There’s something so deeply hopeful and optimistic about the story of Saroo Brierley. In 2012, after being lost from his family from India for 25 years and with the support of his adopted Australian family, he tracked down his mother and reunited with her, using scattered memories as a five-year-old and Google Earth to piece together his story. It’s little surprise that a film adaptation of his story went quickly into the works, but there was every chance it would end up a saccharine mess, more intent on pulling cheap heartstrings than engaging with his extraordinary story. What a dream then that ‘Lion’ ends up being as deeply moving and unexpectedly haunting as it is.
We begin with young Saroo (Sunny Pawar) and follow his terrifying journey as he finds himself lost on the other side of India without his family. Unable to speak the local language and with no way to work out where his home even is, he finds himself living on the street in constant danger - until he is rescued and adopted out to Australian couple Sue (Nicole Kidman) and John Brierley (David Wenham). The film then leaps forward to Saroo as an adult (Dev Patel), grappling with the ghost of the family he left behind and its weight on his current family. Driven by a maddening need to piece his life together, he resorts to Google Earth to try and put the few memories he has together.

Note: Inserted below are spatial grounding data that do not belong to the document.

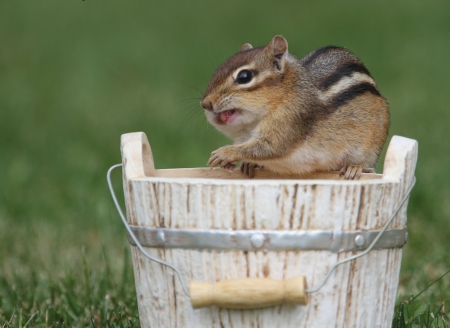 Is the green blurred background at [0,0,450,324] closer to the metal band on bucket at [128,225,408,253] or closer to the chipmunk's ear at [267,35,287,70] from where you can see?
the chipmunk's ear at [267,35,287,70]

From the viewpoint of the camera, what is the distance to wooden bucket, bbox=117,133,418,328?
A: 213 centimetres

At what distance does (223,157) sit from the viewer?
2.84 metres

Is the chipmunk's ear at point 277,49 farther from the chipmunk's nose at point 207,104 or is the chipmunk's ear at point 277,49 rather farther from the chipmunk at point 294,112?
the chipmunk's nose at point 207,104

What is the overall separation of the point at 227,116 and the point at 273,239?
104cm

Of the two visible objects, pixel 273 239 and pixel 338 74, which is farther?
pixel 338 74

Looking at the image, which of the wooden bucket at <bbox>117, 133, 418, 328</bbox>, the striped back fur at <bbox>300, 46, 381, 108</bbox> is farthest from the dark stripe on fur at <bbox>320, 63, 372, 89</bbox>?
the wooden bucket at <bbox>117, 133, 418, 328</bbox>

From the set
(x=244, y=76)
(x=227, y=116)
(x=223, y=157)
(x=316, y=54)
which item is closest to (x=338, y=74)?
(x=316, y=54)

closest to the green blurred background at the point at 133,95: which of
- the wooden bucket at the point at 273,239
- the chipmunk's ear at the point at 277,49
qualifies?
the chipmunk's ear at the point at 277,49

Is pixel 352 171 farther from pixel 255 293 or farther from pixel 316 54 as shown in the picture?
pixel 255 293

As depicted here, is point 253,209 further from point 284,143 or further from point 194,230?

Luke Davies’ screenplay is both brilliant and problematic. The decision to spend the first half in India and the second half in Australia is superb rather than relegating India to flashbacks, and offers enormous dramatic potential that you wouldn’t expect. Unfortunately, while the first half sings with the poetry of the Indian languages, the second is weighed down by clunky, emotionally-driven and expository dialogue. Thankfully, the craft on the screen itself is so exemplary that this short falling is mostly overcome. ‘Lion’ is a beautifully made, expertly directed film, and where lesser directors would have gone for something sappy and cheaply emotional, director Garth Davis fills the film with melancholy and longing. Our journey with Saroo is initially confusing, overwhelming and terrifying, and even though we know the outcome, it’s to Davis’ credit that we still find ourselves on the edge of our seat. We have only a brief glimpse of Saroo’s old life before he is thrown into chaos, and the warmth and love of his mother, brother and sister haunt the rest of the film right until the very end. Saroo finds a wonderful life with the Brierleys and in his relationship with his girlfriend Lucy (Rooney Mara), but his Indian family hover over his shoulder constantly, and the guilt he has at abandoning them (as much as it was never his fault) slowly starts to drive him mad. It’s an inspiring journey of self-discovery but what drives it isn’t hope or optimism - it’s a matter of his sanity, of confronting the ghosts and absolving him of the guilt that cripples him.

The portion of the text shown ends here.